In many ways, this feels like The Rings of Power working through its own internal challenges. One of the big debates about the show has been the extent to which it is beholden to Tolkien’s original vision, as well as how it can craft its own identity within that. After all, this is a show made in cooperation with Tolkien’s grandson, Simon. How does the show honor Tolkien while acknowledging that much of the work’s resonance expands beyond his original authorial intent? Tolkien casts a shadow of his own.
It’s a challenge, and “The Eye” reconciles it by bringing The Rings of Power back to that first generation of fans who claimed The Lord of the Rings for their own, those who read it under the cloud of the atomic bomb. In doing this, it does something interesting within the confines of a text that is often morally straightforward. After all, for all that the morality of the Second World War can seem clear-cut, the atomic bomb wasn’t developed and deployed by the “bad guys” of that conflict. It was dropped by the “heroes.”
There is a sense in which the use of the atomic bomb against civilian populations is an event with which the United States has yet to fully grapple. Attempts to explore the consequences and the horror of the event, such as at the Smithsonian on the 40th anniversary of the bombings, are frequently met with resistance and pushback. If, as Galadriel contends, it “darkens the heart to call dark deeds good,” then what does it say of a culture unwilling to confront such actions?
The Rings of Power has repeatedly suggested that darkness and violence do not exist in a vacuum. “Nothing is evil in the beginning,” Galadriel warned audiences at the start of “A Shadow of the Past.” In “The Eye,” she explains to Theo (Tyroe Muhafidin) that she lived through a time before war, confessing, “When I was your age, there was no such thing as orcs.” Adar was once an elf himself, before being tainted, as Galadriel seems to be corrupted herself.

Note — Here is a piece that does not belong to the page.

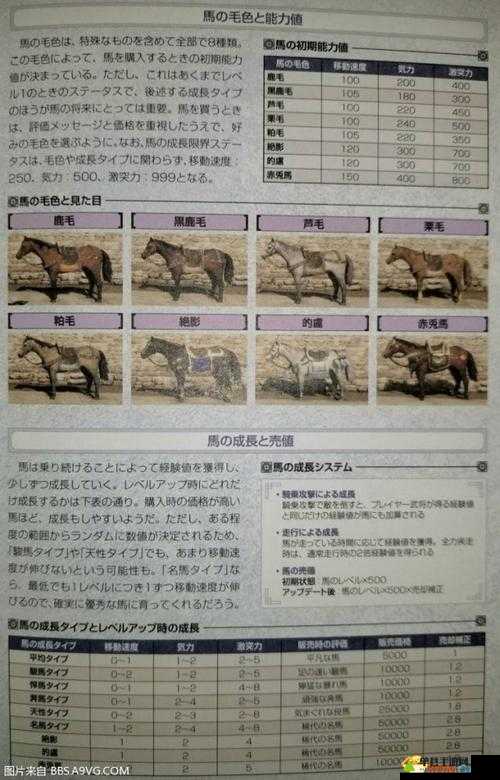 真三国无双8游戏攻略，揭秘马匹快速满级的有效方法与技巧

There is a sense of moral erosion to all of this.
Both Galadriel and Theo carry some shame over the atrocity that just unfolded, with Theo having surrendered the blade to Adar and Galadriel grappling with the idea that she carries war within her. There is a sense that more than just the Southlands have been contaminated by this violence. Míriel herself seems not just blinded, but corrupted. “Do not spend your pity on me, elf,” she warns Galadriel. “Save it for our enemies, for they do not know what they have begun.”

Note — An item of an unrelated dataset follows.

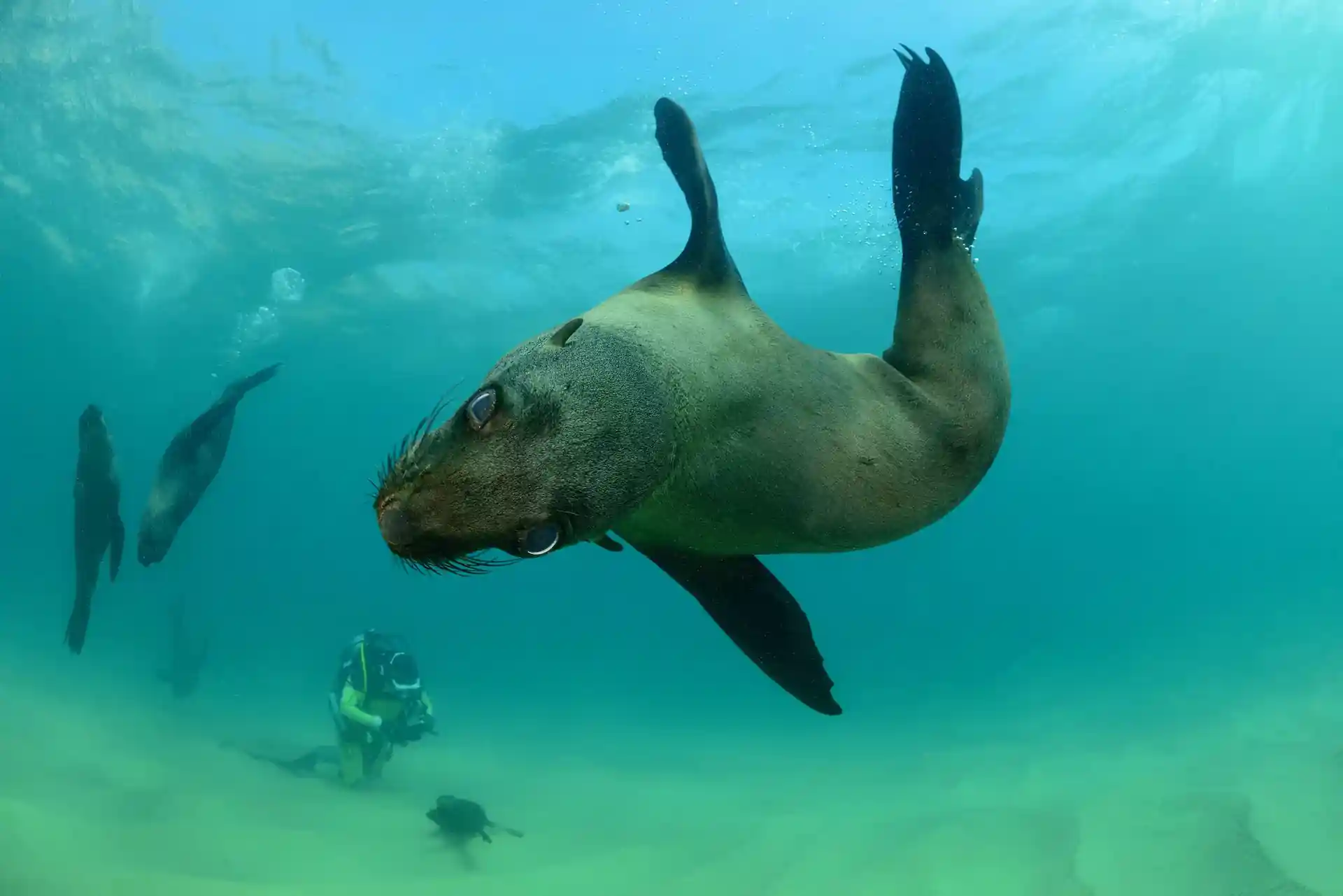 다이빙 포인트 사진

In some ways, this ties back to the ways in which The Rings of Power is engaging and playing with the War on Terror subtext that informed the reception of Peter Jackson’s feature film adaptations just as surely as atomic anxieties informed readers’ reactions to Tolkien’s epic. The show seems to be suggesting that sometimes such atrocities scar more than just the skin — and that even heroes can be corrupted when they find themselves in the shadow of Doom.